Please set down exactly the lines from the one containing "Siem Reap Cambodia" through the last line of the records below, both included, with no pictures.

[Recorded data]
···
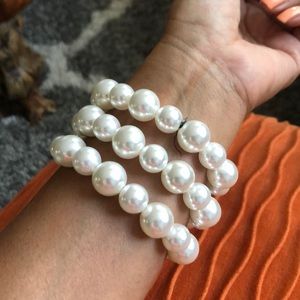 White House Black Market Jewelry - Pearl and diamond bow stretch bracelet White House Black Market Jewelry - Pearl and diamond bow stretch bracelet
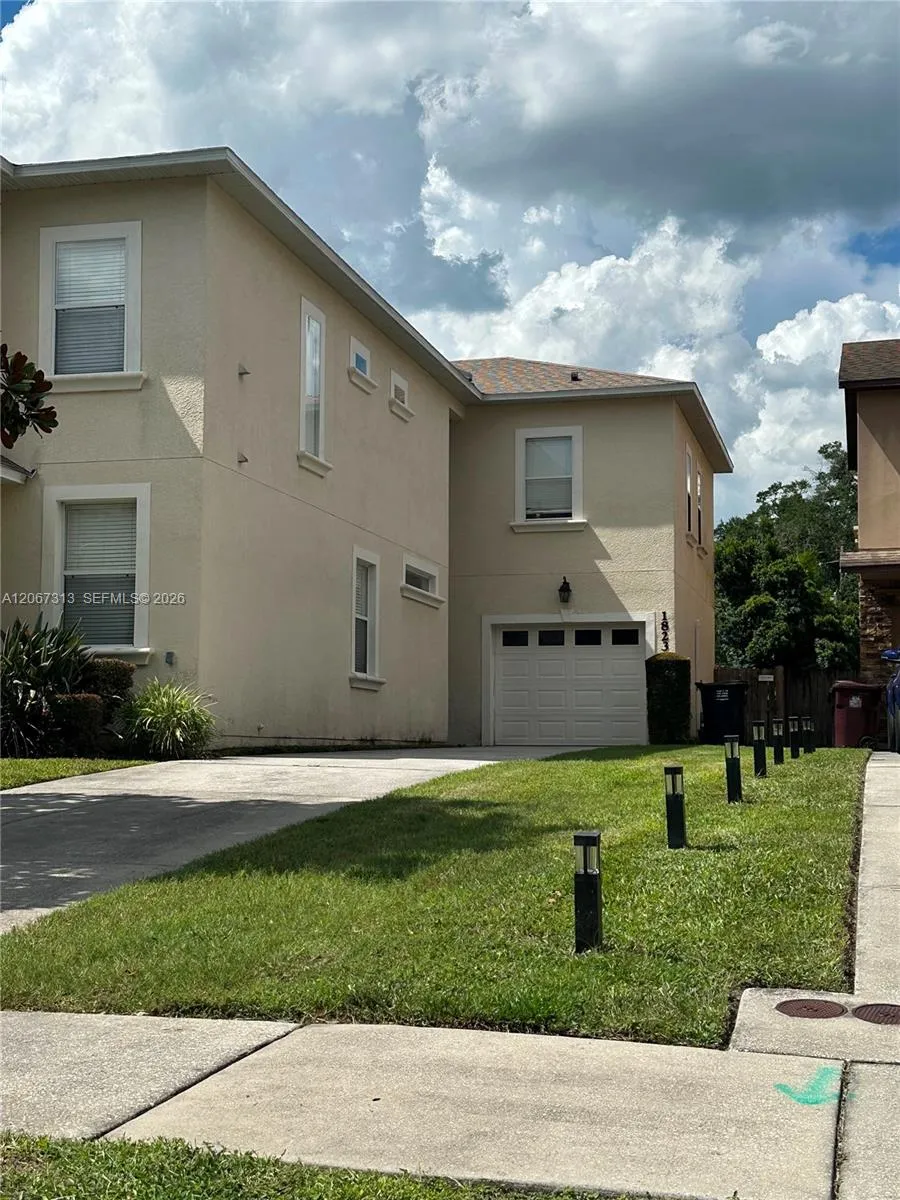 1823 GARVIN sT Orlando, FL 32803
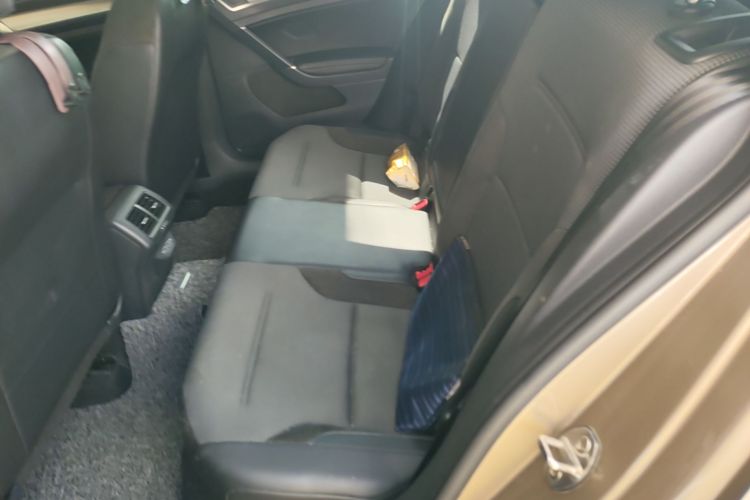 Volkswagen Golf 2019 car image #17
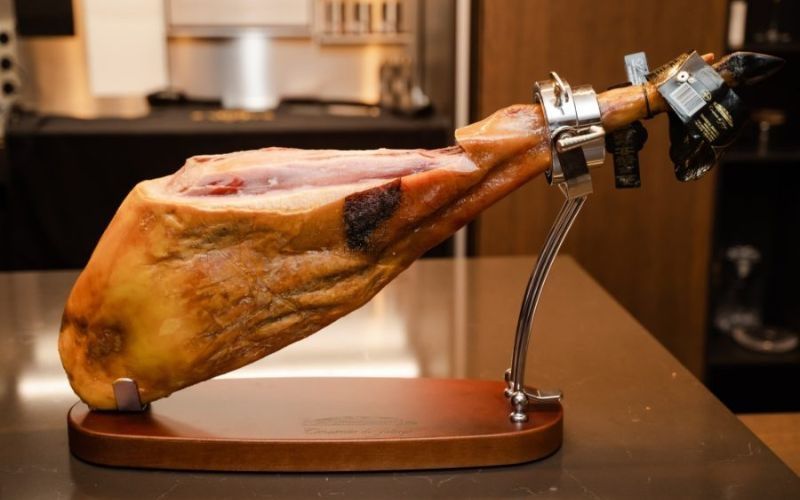 Những điều cần tránh khi tặng Quà Tết Đùi Heo Muối cho cấp trên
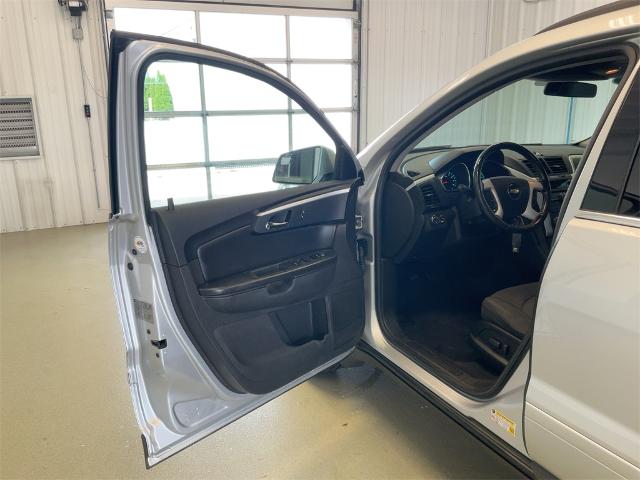 Used 2010 Chevrolet Traverse 1LT with VIN 1GNLVFED3AJ237453 for sale in Oregon, OH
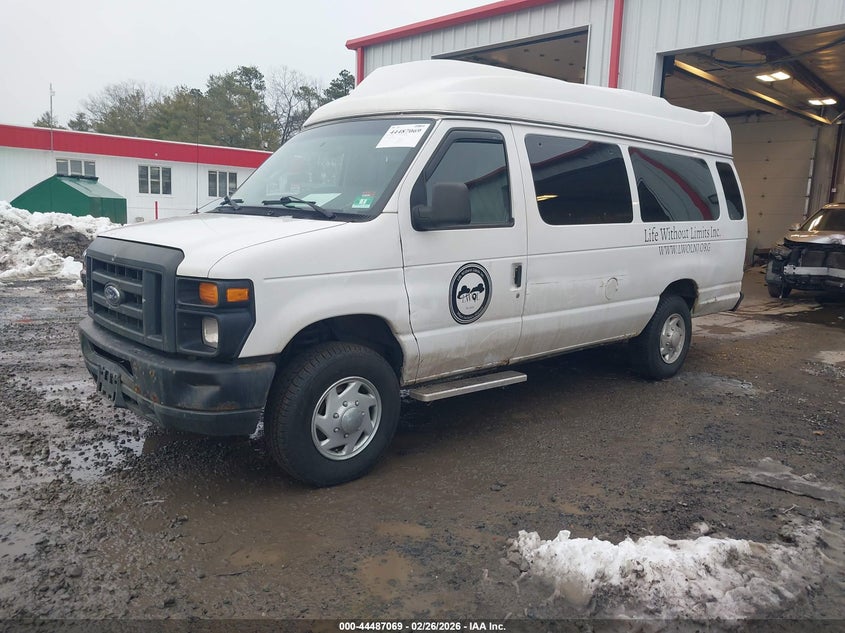 2013 Ford E-350 Super Duty Commercial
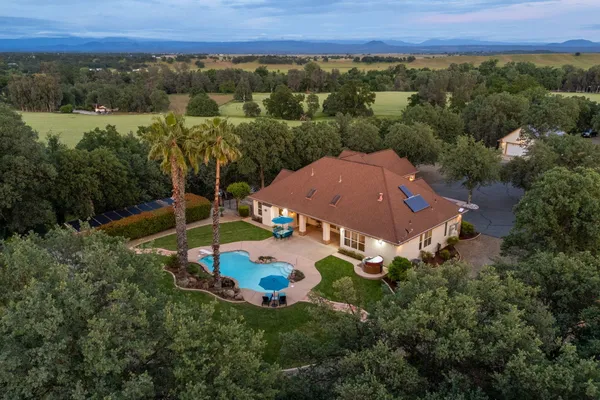 $1,069,000 | 21992 Los Altos Drive, Palo Cedro, CA 96073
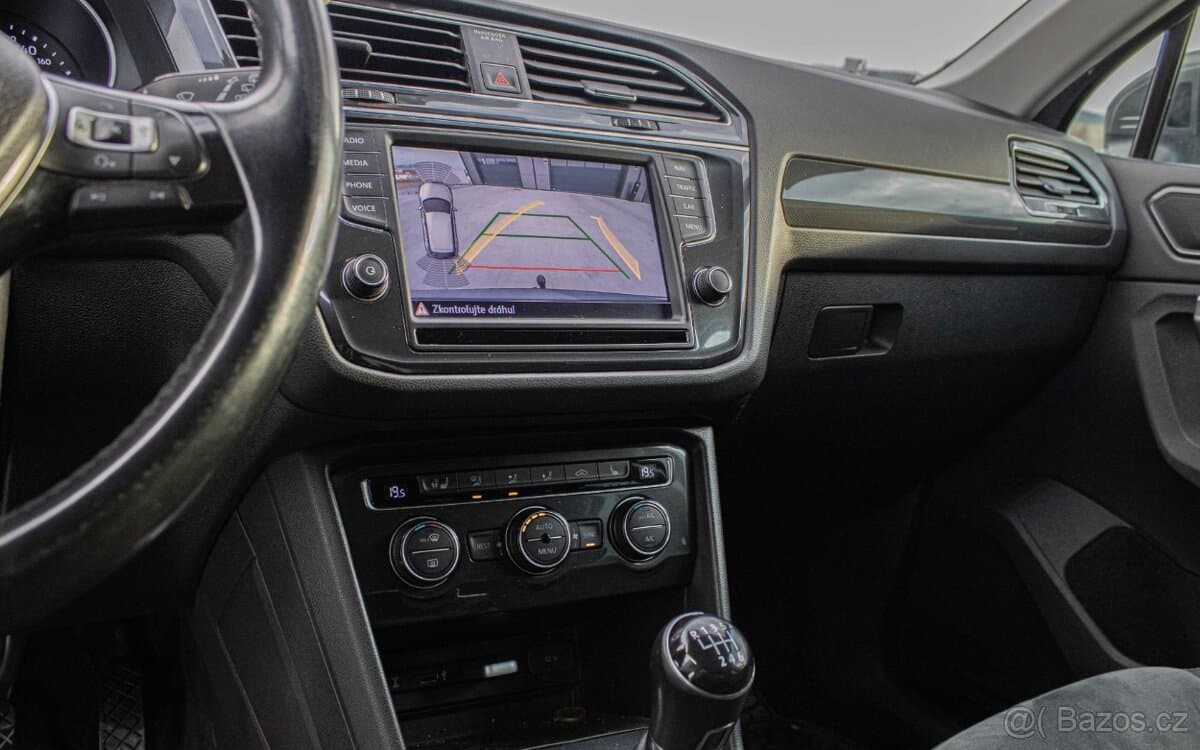 2017 Volkswagen TIGUAN - 14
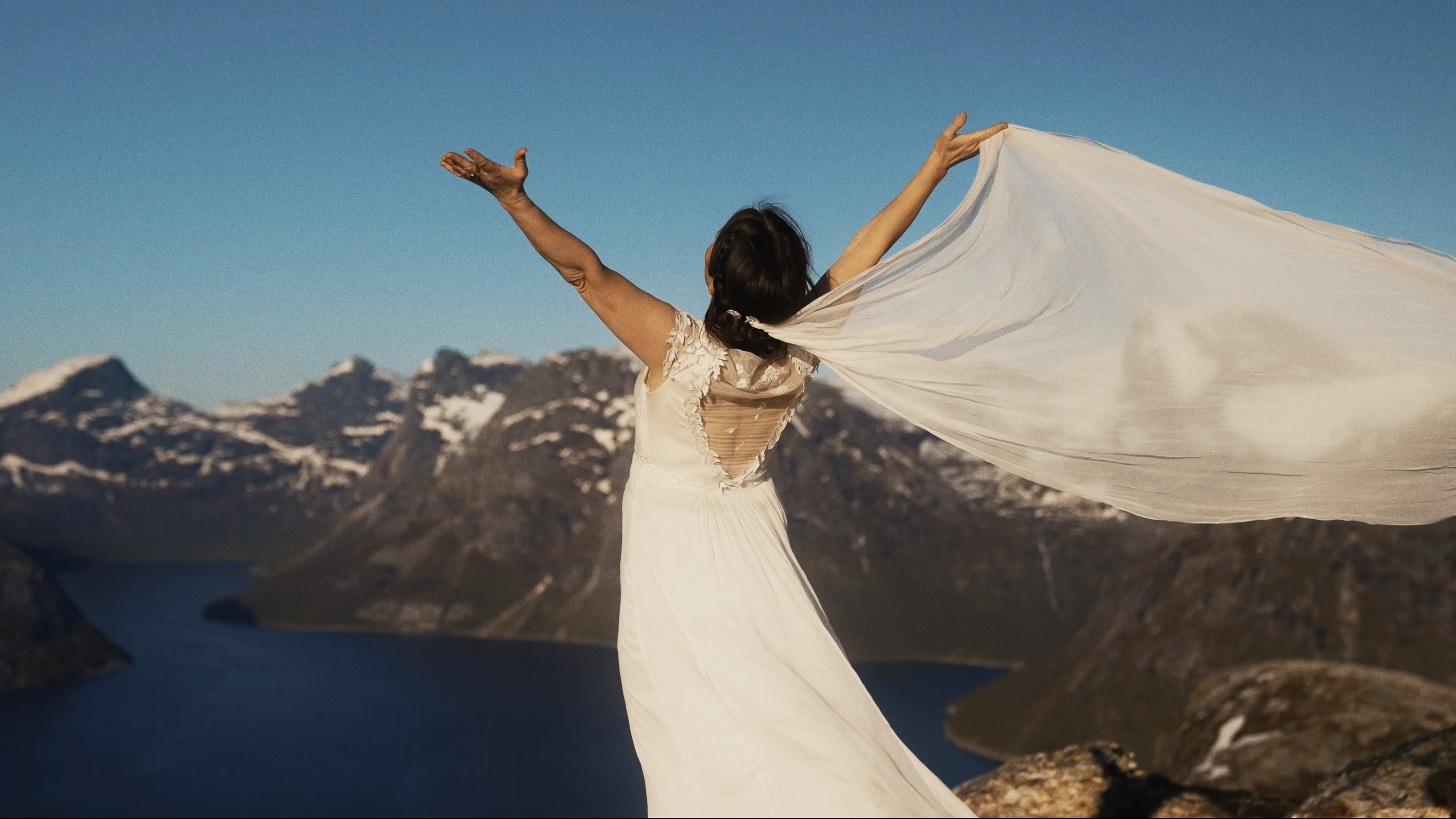 DRAUMEN HELD SEG FAST - Monica Eikås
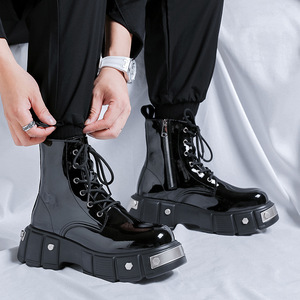 Bottes à lacets pour hommes de haute qualité, design durable et tendance, esthétique mécanique élégante, plates pour l'hiver et l'automne - Product Image 1
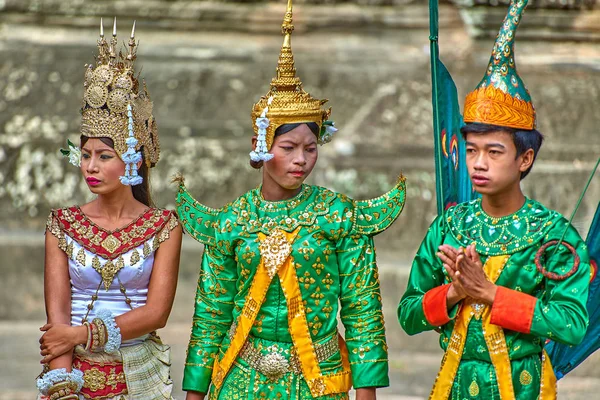 Siem Reap Cambodia Dezembro 2014 Dançarinos Apsara Cambojanos Angkor Wat — Fotografia de Stock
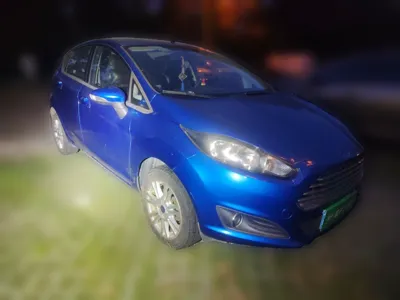 Ford Fiesta 2013, 41200 км, за 21678.72 CNY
···
→ **Response area**
 Siem Reap Cambodia Dezembro 2014 Dançarinos Apsara Cambojanos Angkor Wat — Fotografia de Stock
 Ford Fiesta 2013, 41200 км, за 21678.72 CNY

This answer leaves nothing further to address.